According to Johnstone’s post, the hull was sighted yesterday at 35°36.28′ North, 062°17.18′ West by Capt. Reinhard Peer aboard the container ship Chicago Express.
This position, as you can see, is well east of Bermuda, which may mean the boat is moving fairly easily in the Gulf Stream current. One D.M. Walsh, in a comment to my previous post on Rainmaker, reported seeing her on about May 25 as he entered the Gulf Stream en route from the Virgin Islands to Massachusetts. He declined to provide a location, but presumably he was west of Bermuda at the time.
Johnstone is eager to recover Rainmaker and fix her up, so don’t be shy about grabbing her if you see her. You’ll see all her superstructure has been swept away, but the hull, a very expensive piece of carbon fiber, is perfectly intact. It obviously is pretty buoyant.
By comparison, Be Good Too, the catamaran I abandoned eighteen months ago, hull no. 1 of the Alpha 42 line, has never been seen again. I was fairly confident at the time that she would sink, as she was taking on so much water in so many places. Also, her hull was not fully cored like Rainmaker‘s, but was solid below the waterline. And she was glass, not carbon.
All the night sailing I’ve done…this is the sort of obstacle I’d hate to encounter at 6-8 kts in the dark.

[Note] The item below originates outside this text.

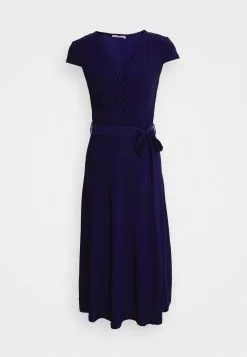 Robe En Jersey Anna Field - Bleu Foncé | Promos -Anna Field Soldes 67b4c2b1a2594b0ea81b50c3566c67db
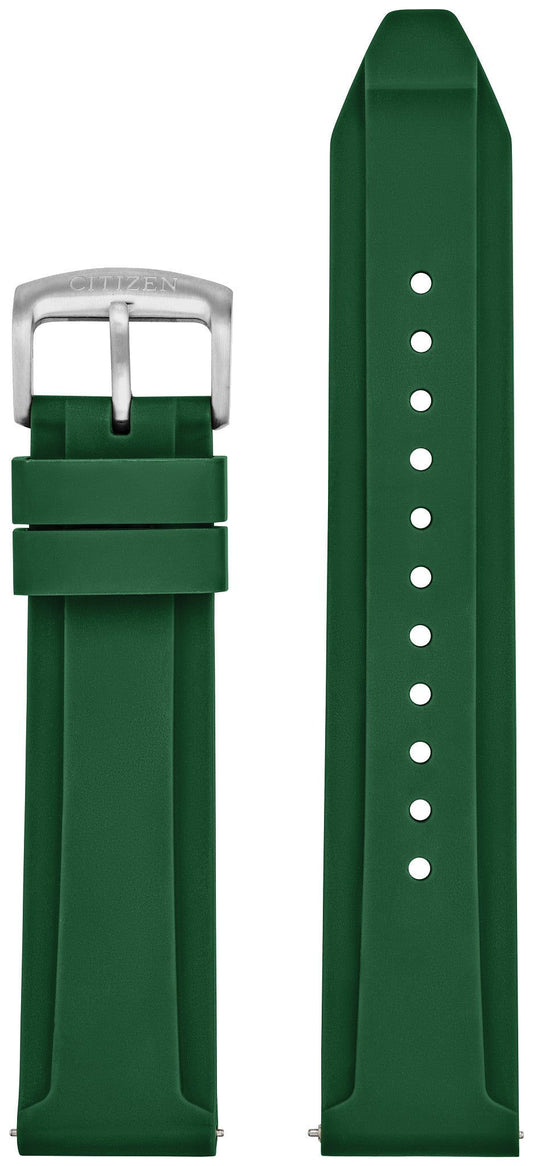 Green Silicone Strap (22mm) 59-005K2-03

Certainly hope someone removes it as a hazard.
I’m with you Capt Bill- I hope this floating disaster waiting to happen will be tracked and sunk!
If you break it up you will have a greater chance of hitting the floating pieces. You cant sink it
Fantastic Photos. Very interesting how the deckhouse is swept clean. I’d love to see how it broke off.
Whoever goes after her….godspeed!
She needs to be scuttled before she becomes a hazard to other sailors, like Captain Bill said it is not something you want to collide with in the dead of night, it could easily cost someone their life, the best thing to do is call out the Coast Guard and one of their gun boats and put a few well placed rounds through the superstructure and sink her now before it is too late.
There is so much stuff floating around, this is in the noise. There isn’t a navy big enough to sink what’s out there. Give it a break.
I agree with sabreena and dave et al that this hull obviously poses a risk to other yachts. But compared to the thousands of containers drifting around out there, it is a relatively minor one. Hit a steel container and you’ll likely sink. Hit this foam-cored carbon hull and you will suffer some damage, but you hopefully won’t sink. Offhand I can’t think of any reported instance of a yacht hitting an abandoned yacht. Not that it can’t happen, but the chances are very small. Much better to complain about the containers out there than this poor hulk.
Well I looked at the photos taken before the loss and now better understand that the boat was more of a daysailer than cruiser even though there there were plenty of quarters etc. in the hulls.. It doesn’t look like the deckhouse was meant for heavy weather…. so of course the deckhouse is gone. Silly me. I guess I’m a bit slow. I’m not saying the design is an unacceptable risk for a well sailed boat….. just saying that when abandoned for 5 months, I shouldn’t expect to see the deckhouse.
If the boat is already full of water, how will putting holes in her make her sink?